## WHAT THE EXERCISE ASKS:
Exact copy, pictures omitted: the line holding "Ocean Pearl Medium" and every line after it down to the end of the entries.

## EXERCISE INPUT:
────────

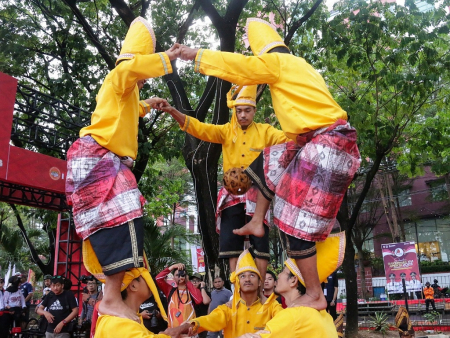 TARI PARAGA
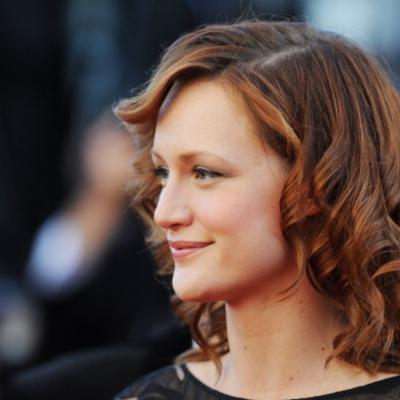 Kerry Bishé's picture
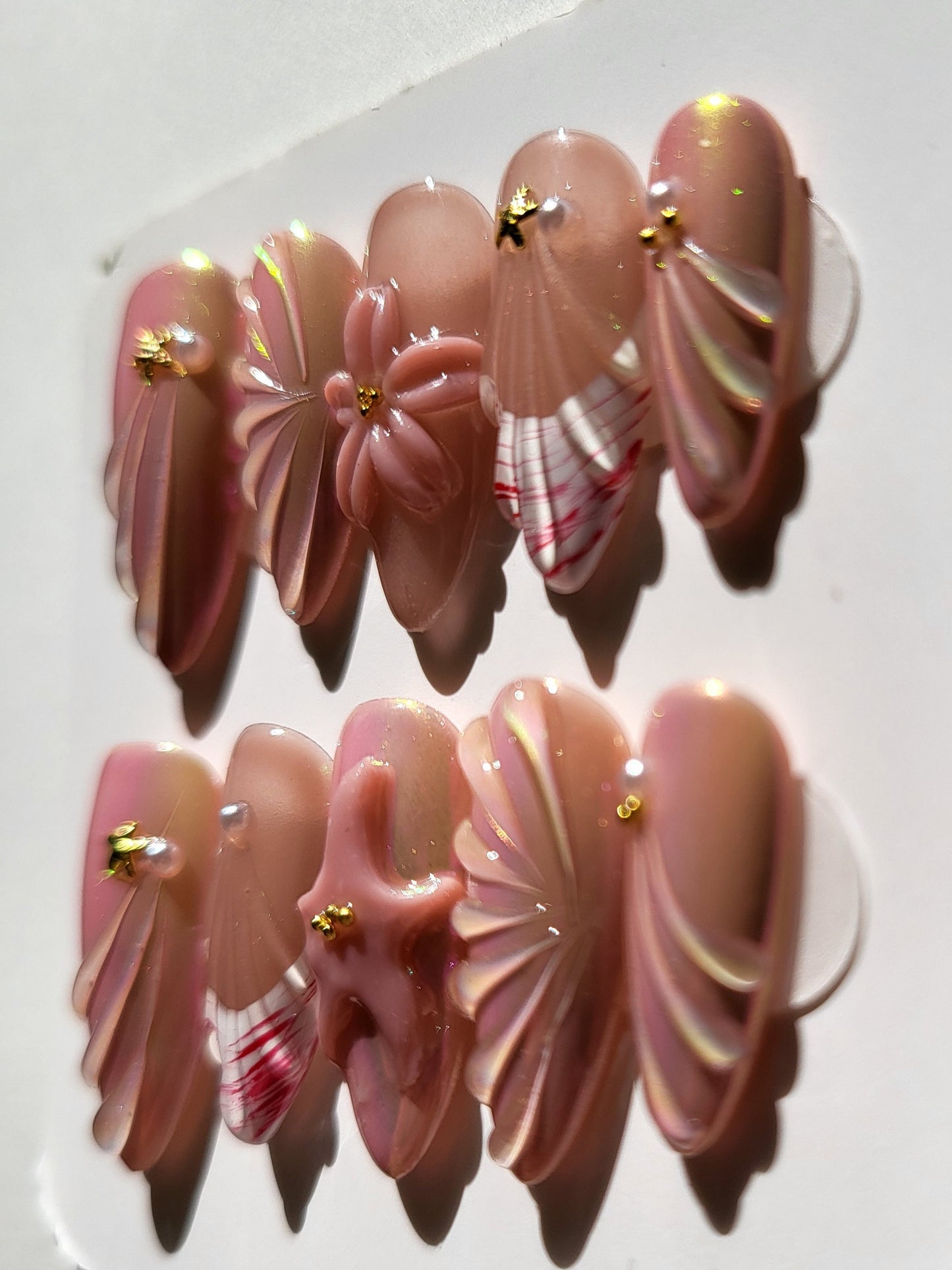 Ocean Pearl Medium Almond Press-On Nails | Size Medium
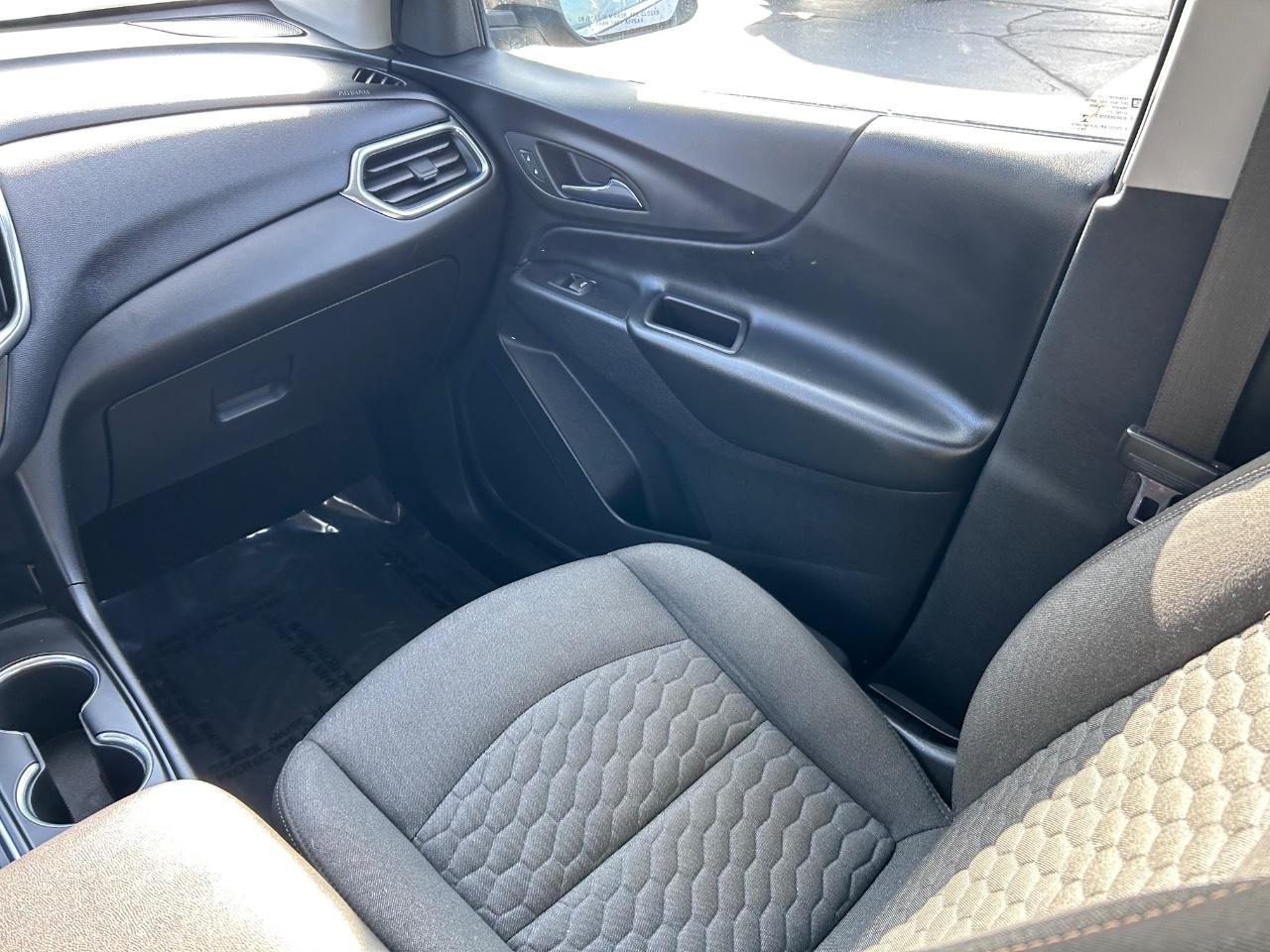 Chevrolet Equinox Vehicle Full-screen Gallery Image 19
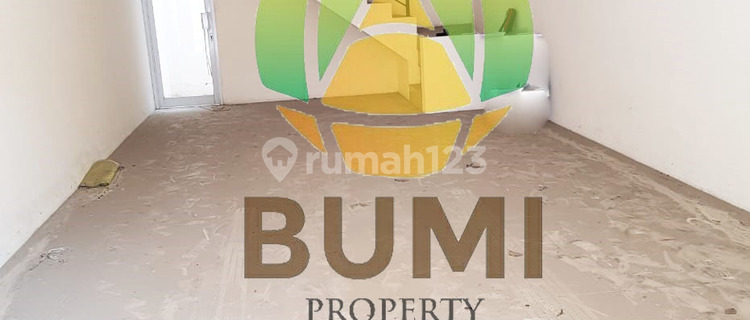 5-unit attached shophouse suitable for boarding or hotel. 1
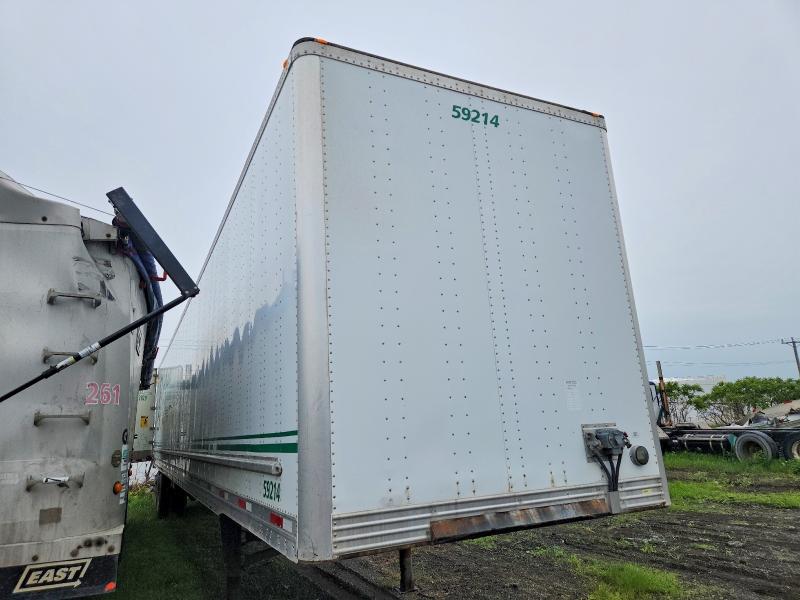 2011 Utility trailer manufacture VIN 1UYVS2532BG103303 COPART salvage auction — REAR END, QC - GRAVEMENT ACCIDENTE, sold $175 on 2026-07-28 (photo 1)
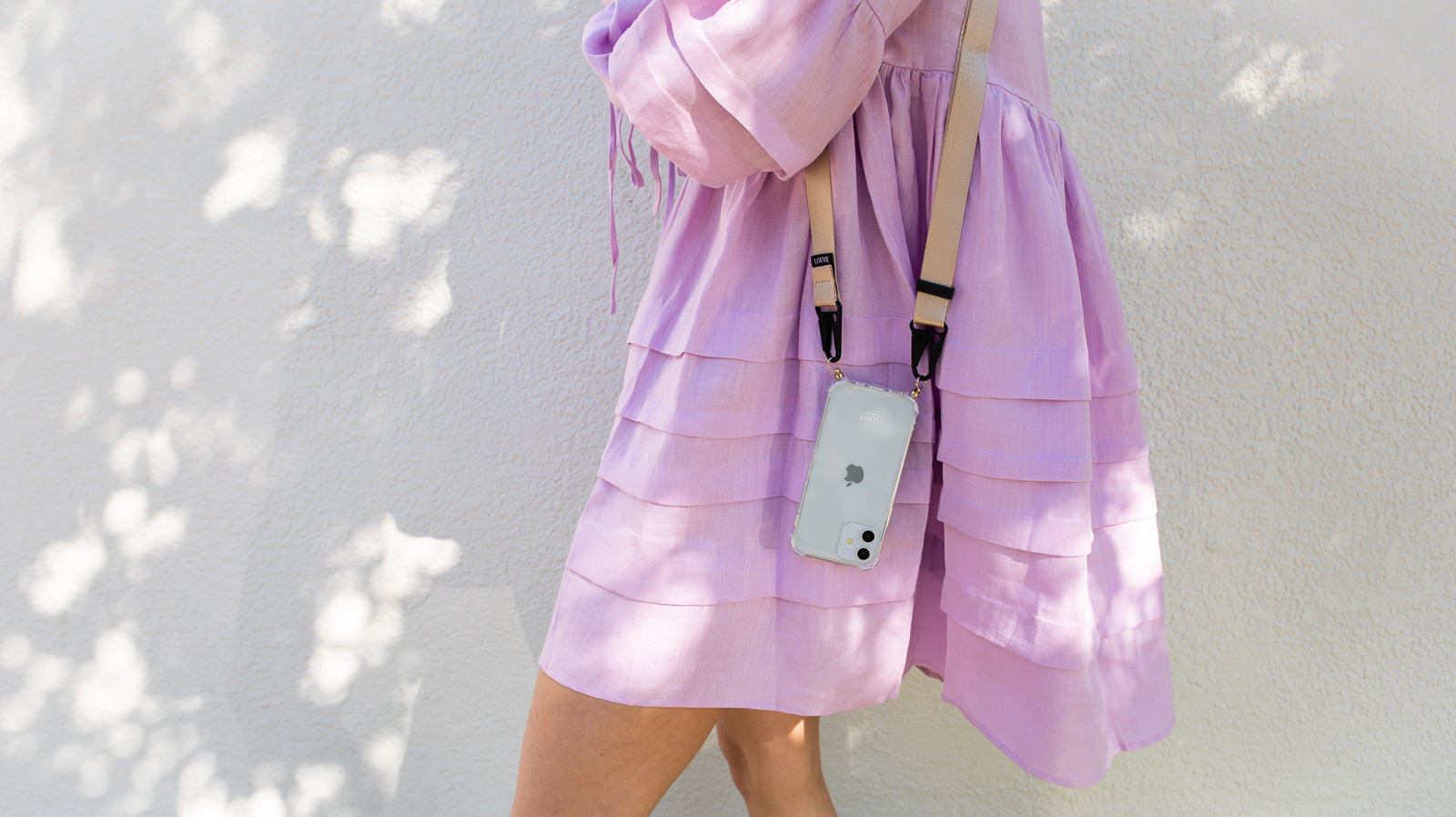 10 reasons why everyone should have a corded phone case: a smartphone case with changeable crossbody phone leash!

────────

## ANSWER TO THIS TASK:
 Ocean Pearl Medium Almond Press-On Nails | Size Medium
 Chevrolet Equinox Vehicle Full-screen Gallery Image 19
 5-unit attached shophouse suitable for boarding or hotel. 1
 2011 Utility trailer manufacture VIN 1UYVS2532BG103303 COPART salvage auction — REAR END, QC - GRAVEMENT ACCIDENTE, sold $175 on 2026-07-28 (photo 1)
 10 reasons why everyone should have a corded phone case: a smartphone case with changeable crossbody phone leash!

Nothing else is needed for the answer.